The board and UW System have been working on the policy since 2017. The regent’s policy on “Commitment to Academic Freedom and Freedom of Expression” was introduced shortly after state Republican lawmakers introduced legislation with similar provisions. Before the matter was put to a vote, Regents President Drew Petersen announced support for moving the process forward.

The issue is important. Too many college campuses have become outright hostile to speech that deviates from modern liberal orthodoxy. Anyone who offers contrary opinions are shouted down and denied access. But regulating free speech with set punishments is a tricky business. At the heart of any regulation is, “who decides?” Who decides what constitutes a disruption vs. expressing a different opinion? Some cases are obvious – shouting down a speaker, for example – but what about a noticeable harrumph? What about being quiet but holding up a sign? Does it depend on what the sign says? Do the lefty administrators who are allowing conservatives to be shouted off campus now get to decide these things? Would this new policy just be used as a bludgeon against certain kinds of speakers? We have a cultural drift to intolerance and this rule might just weaponize one side.

I don’t envy the Regents. This is a tricky business. These issues are pregnant with nuances and context. It is very difficult to write a rule that encompasses the grey areas.

Stout’s New Digs

When you hear the UW System crying poor again, think of stuff like this and ask yourself, “did this improve education?”

A new fireplace in University of Wisconsin-Stout’s Merle M. Price Commons ties in the history of Dunn County with a gathering place for students.

The  10-foot-6-inch wide by 9-foot-6-inch tall natural gas fireplace is built from Dunnville sandstone, a creamy stone from the Downsville area just south of Menomonie.

[…]

Thirty-five sandstone pieces make up the fireplace, weighing in at about four tons. The hearthstone weighs 1,300 pounds.

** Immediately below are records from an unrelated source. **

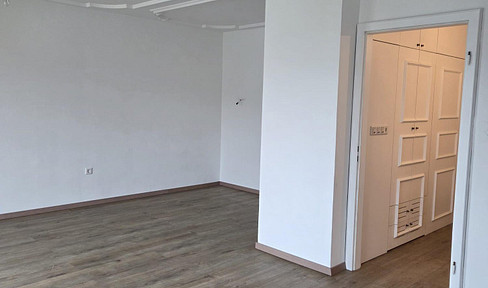 Wow effect: renovated split-level house with 3.60 m ceiling height, marble floors and garden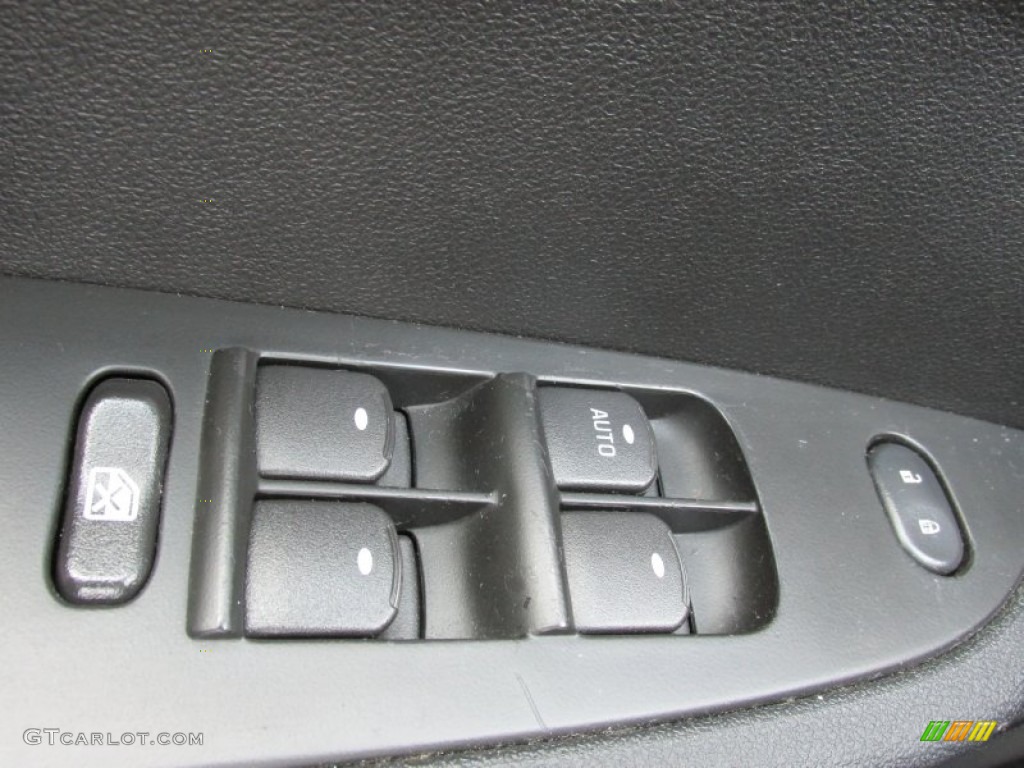 2008 Saturn Aura XR Controls Photo #84083949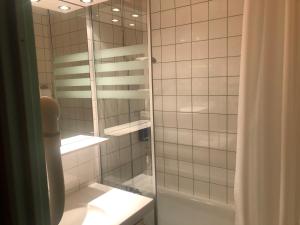 Koupelna v ubytování Brit Hotel Florimont + 37 fotografií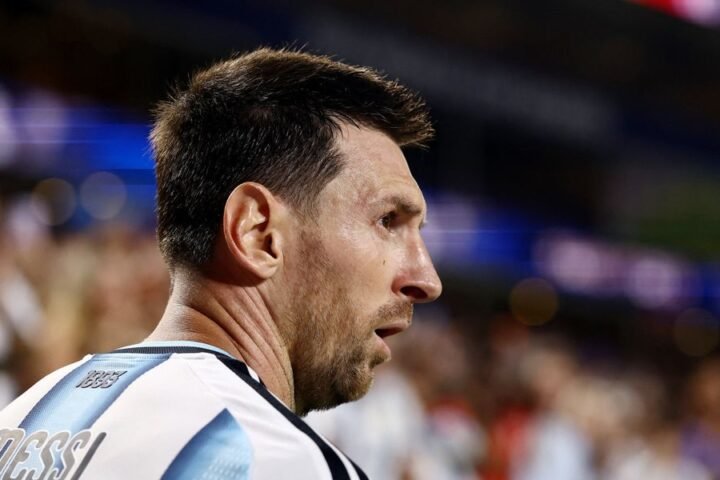 Messi praises England as both teams prepare for World Cup semi-final clash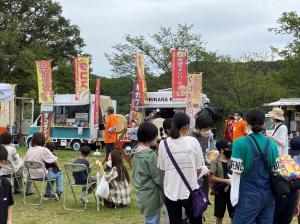 キッチンカーなどが出店している「青空市場」の様子（写真）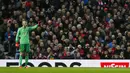 Kiper MU, David De Gea tampil menghadapi WBA pada laga Liga Premier Inggris di Stadion Okd Trafford, Inggris, Sabtu (7/11/2015). MU berhasil menang 2-0. (Reuters/Jason Cairnduff)
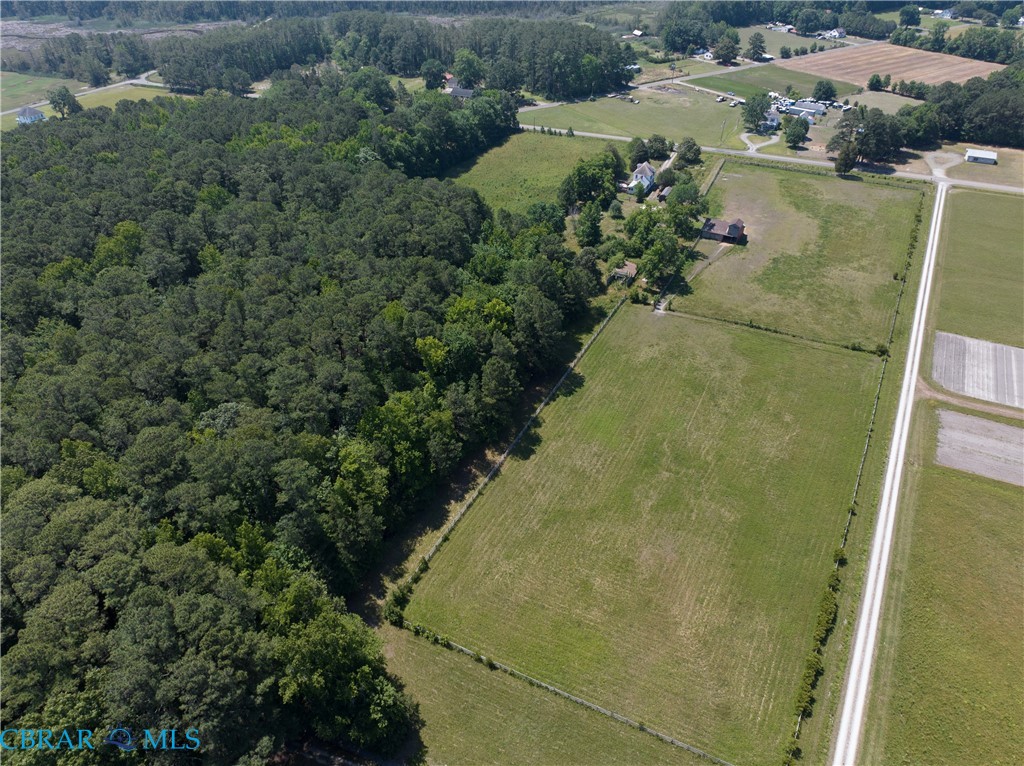 2115 Tabernacle Road Diggs, VA 23045 - Photo 13 of 54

The fireplace was built by R. J. Jurowski of Whitehall. The blocks were cut by Coldspring out of Cold Spring, Minn. It took workers about a week in August to build the fireplace, moving most of the pieces by hand and mortaring them into place.

“It’s difficult because sandstone is very fragile,” said Tim Abley, site superintendent for R.J. Jurowski.

[…]

Menomin Lounge will be open in mid- to late September, with other meeting rooms opening in mid-October. The work is part of an $8.5 million renovation of 19,000 square feet in the building, mostly the first floor and exterior.

Price Commons will also have meeting rooms named for area waterways including Elk Creek, Cranberry Creek, Gilbert Creek and two smaller meeting rooms named for the Hay River and the Eau Galle River, Witucki said.

Price Commons, built in 1967, also has new windows and sills. The new first floor features refurbished offices for the LGBTQ center, the Qube, which opened in April. There is a new main entrance on the east side as well as expanded entryways on all sides.

Legislature Gives UW Spending by $58 Million

But it’s never “enough,” of course. Here was one reaction from a spender:

“It’s beyond disappointing,” Rep. Chris Taylor, D-Madison, told Republicans. “It’s perplexing. It doesn’t make any sense. It’s negligent. And what you’re guaranteeing is that campuses will close.”

GOOD. We all see the demographic trends and the declines in enrollment coming. We SHOULD be consolidating campuses. Throwing more money into a system to keep underutilized buildings open is not responsible budgeting.